ACTION ITEM: Copy out the lines beginning at the one with "ชีวิต|การแบ่งป" and ending at the last line of the data, both included; pictures stay out.

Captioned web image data
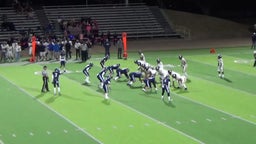 Downey football highlights Turlock High School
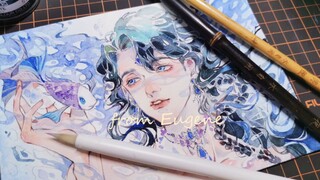 ชีวิต|การแบ่งปันขั้นตอนวาดและปากกาวาดรูป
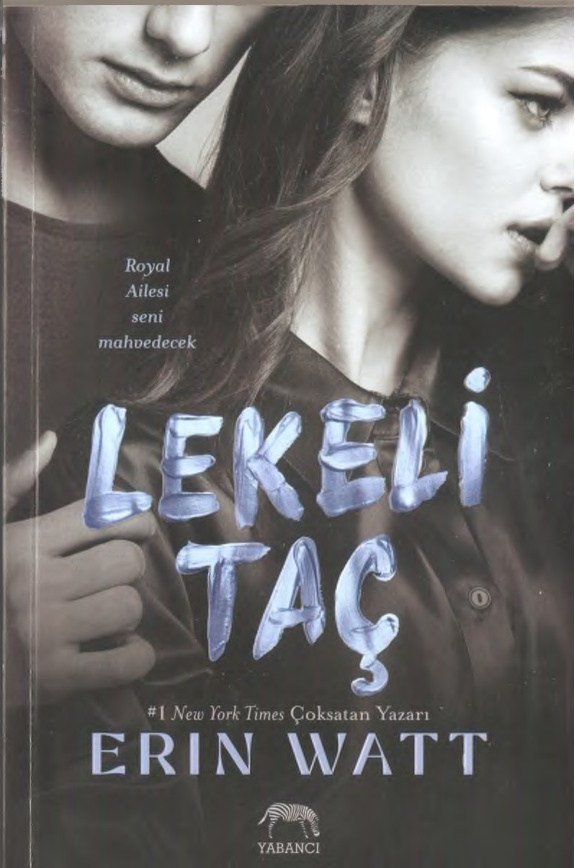Lekeli Taç PDF – Erin Watt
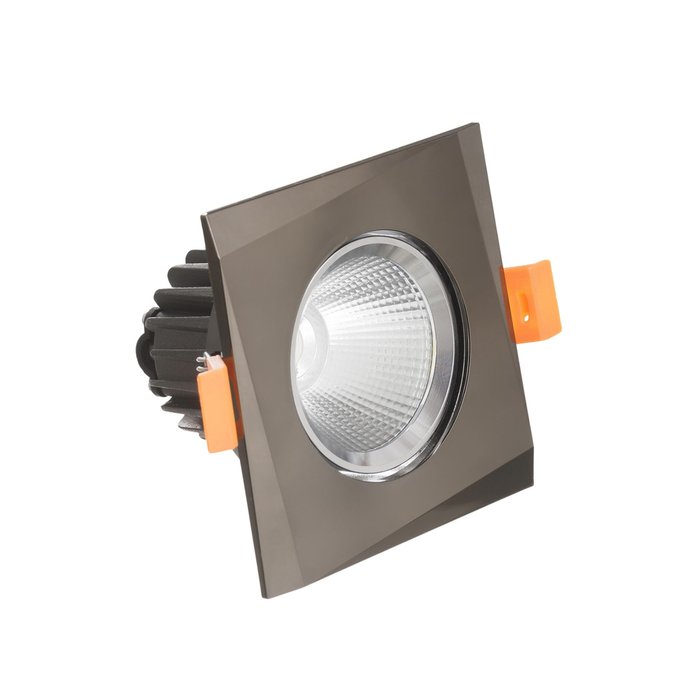 Накладной светильник Lumina Deco Dalston LDC F115 BK - купить Встраиваемые споты по цене 960.0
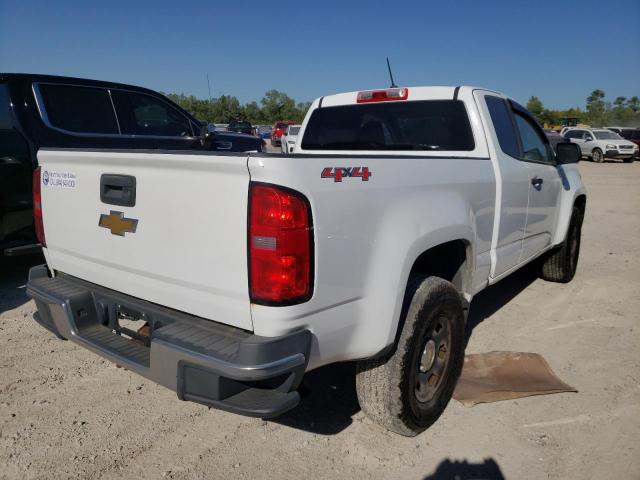 Photo 4 from auction – 2016 CHEVROLET COLORADO with VIN 1GCHTBEA5G1101496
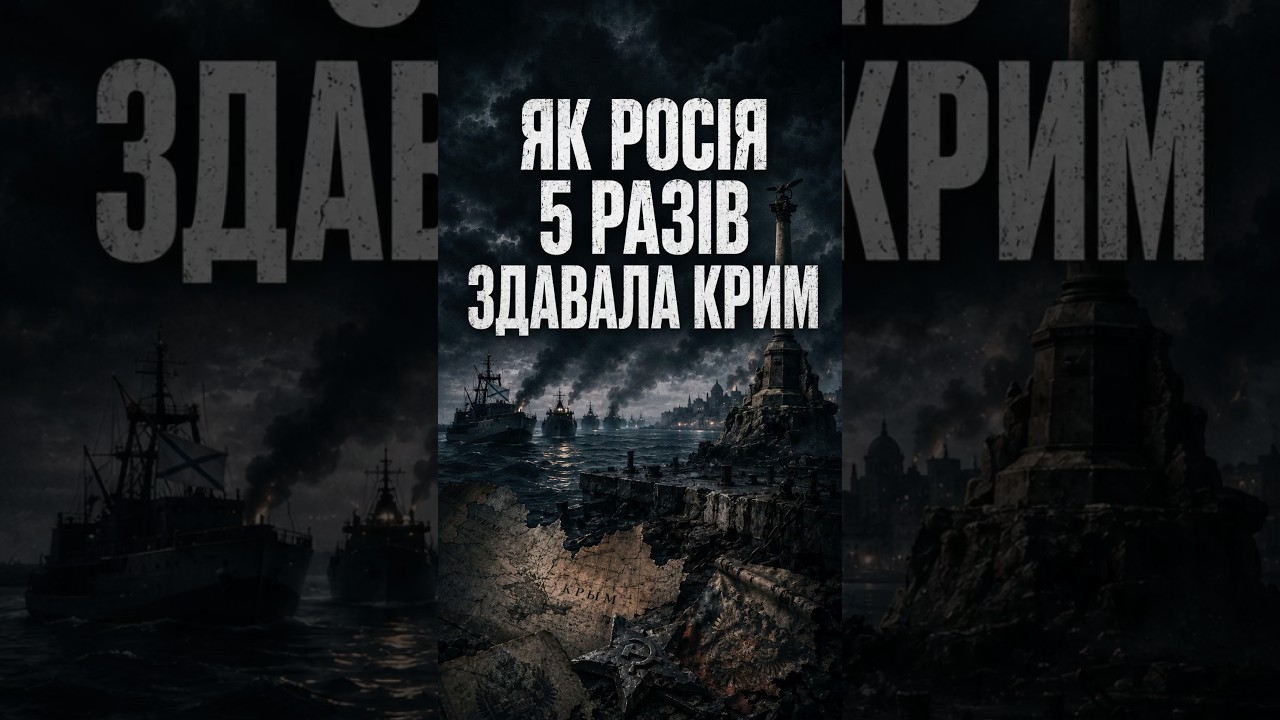 5 Times Russia Has Lost or Abandoned Crimea
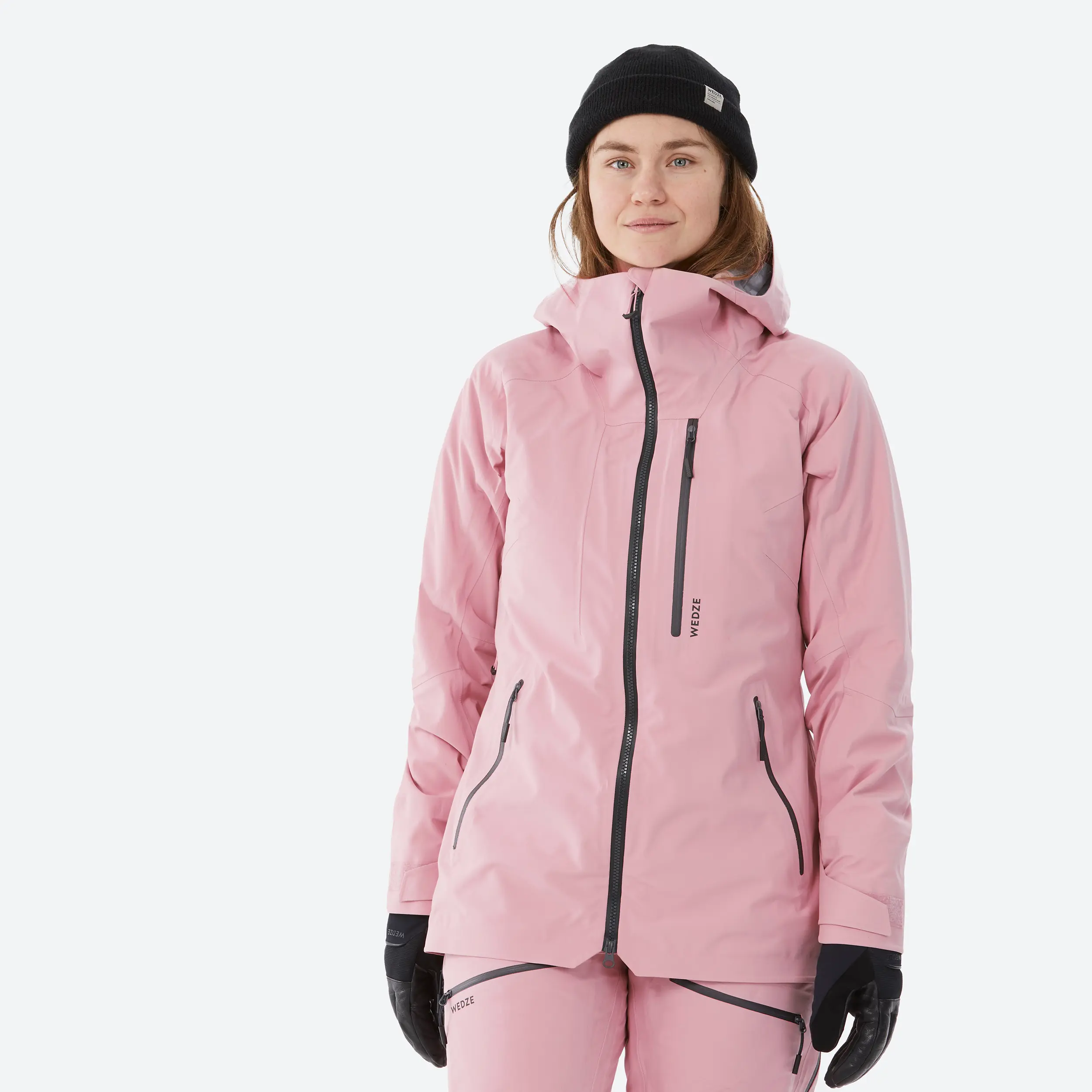 Женская лыжная куртка FR500
Женская лыжная куртка FR500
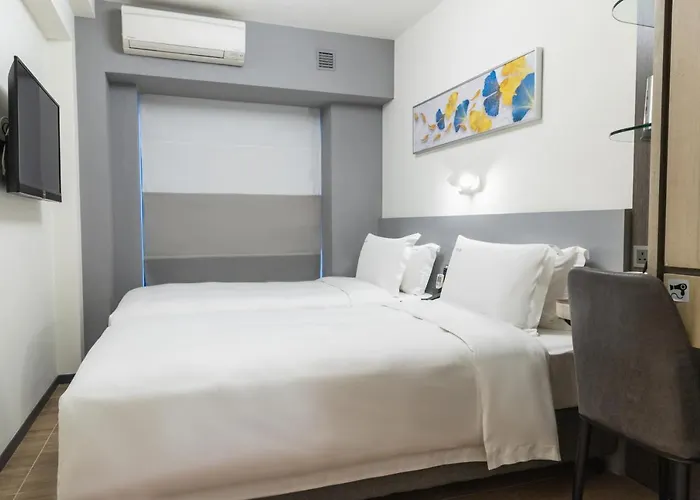 City Inn Macau 2* 마카오
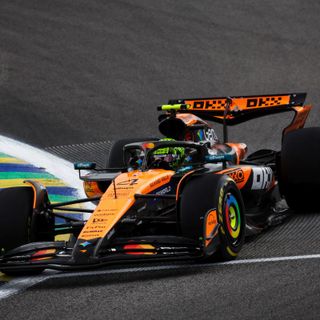 Norris brilla nel venerdì di Las Vegas, fiducia Ferrari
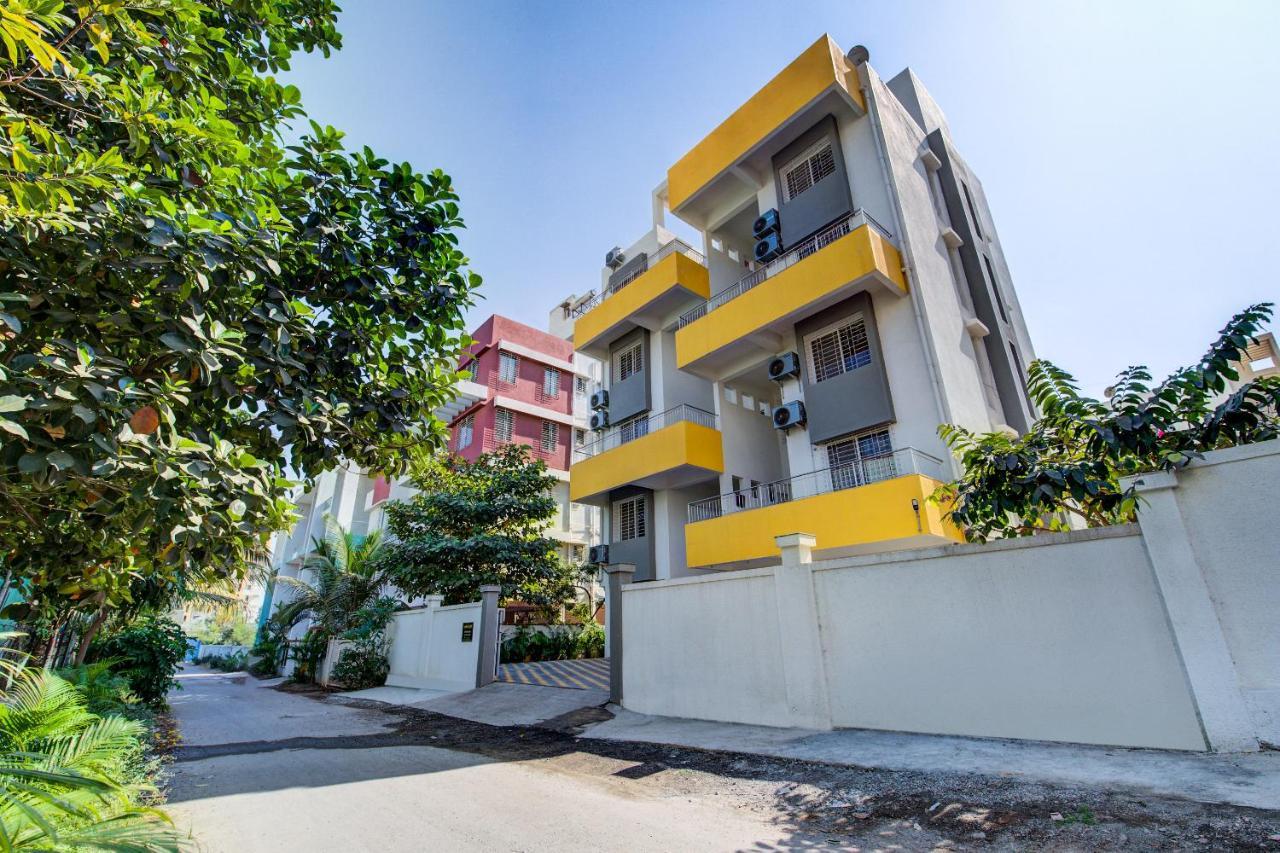 Hotel E Serai 浦那 外观 照片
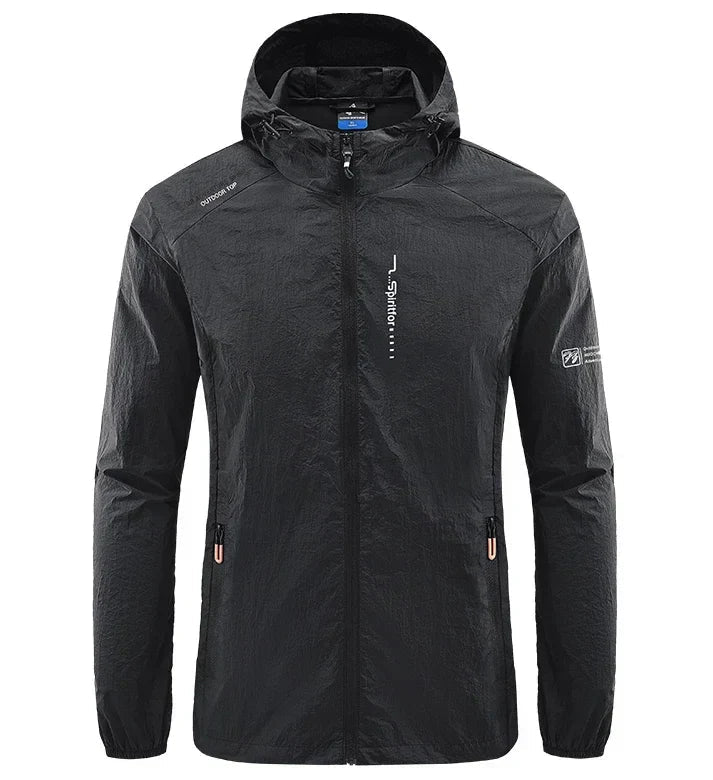 RainGuard™ | Comfortable wind- and waterproof jacket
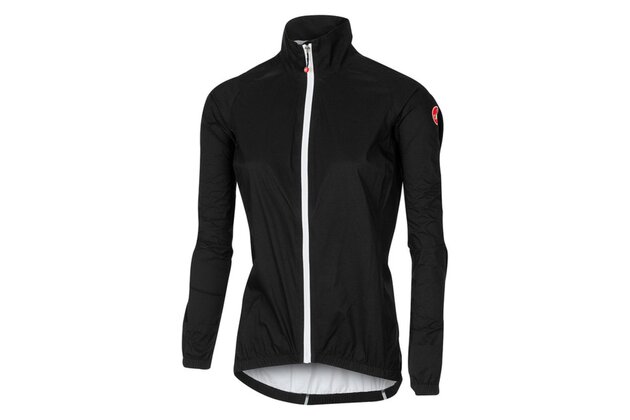 Dámská bunda CASTELLI Emergency W Black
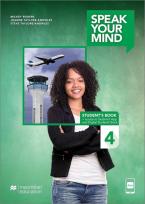 SPEAK YOUR MIND 4 Student's Book (+ STUDENT'S APP + DIGITAL Student's Book)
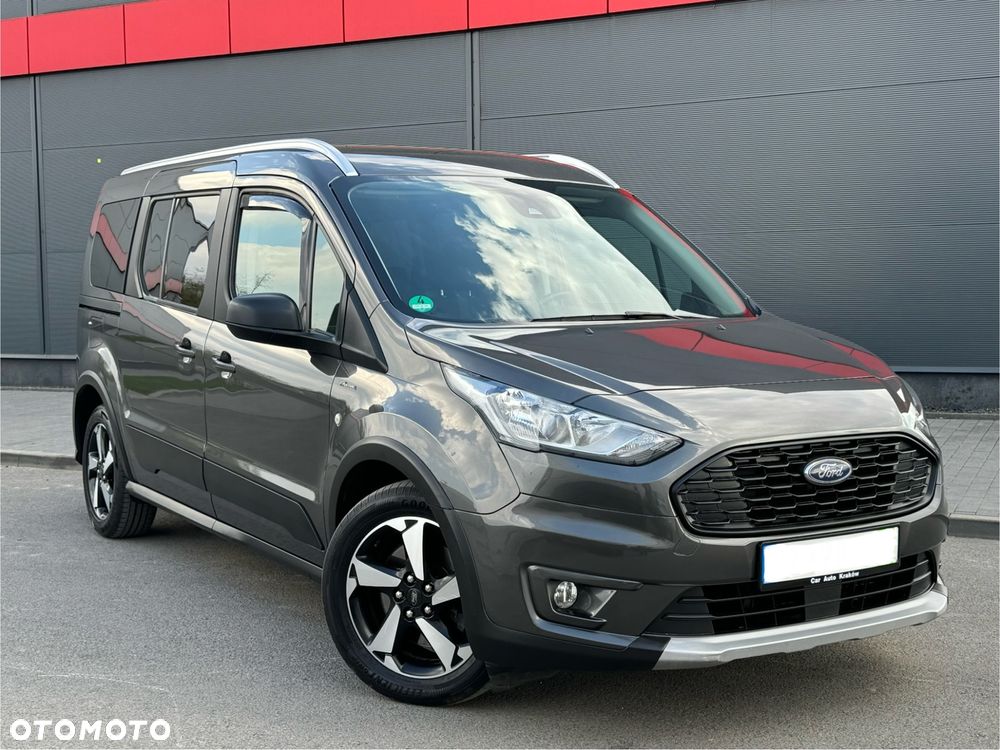 Ford Tourneo Connect Grand - 2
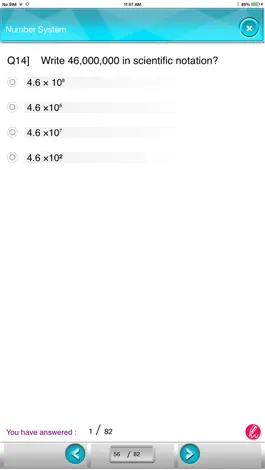 Game screenshot 8th Number System hack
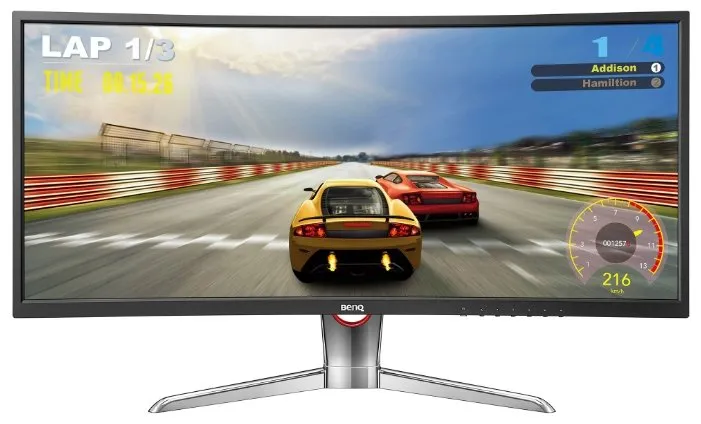 Монитор 35" Benq XR3501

RESPONSE:
 ชีวิต|การแบ่งปันขั้นตอนวาดและปากกาวาดรูป
Lekeli Taç PDF – Erin Watt
 Накладной светильник Lumina Deco Dalston LDC F115 BK - купить Встраиваемые споты по цене 960.0
 Photo 4 from auction – 2016 CHEVROLET COLORADO with VIN 1GCHTBEA5G1101496
 5 Times Russia Has Lost or Abandoned Crimea
 Женская лыжная куртка FR500
Женская лыжная куртка FR500
 City Inn Macau 2* 마카오
 Norris brilla nel venerdì di Las Vegas, fiducia Ferrari
 Hotel E Serai 浦那 外观 照片
 RainGuard™ | Comfortable wind- and waterproof jacket
 Dámská bunda CASTELLI Emergency W Black
 SPEAK YOUR MIND 4 Student's Book (+ STUDENT'S APP + DIGITAL Student's Book)
 Ford Tourneo Connect Grand - 2
 Game screenshot 8th Number System hack
 Монитор 35" Benq XR3501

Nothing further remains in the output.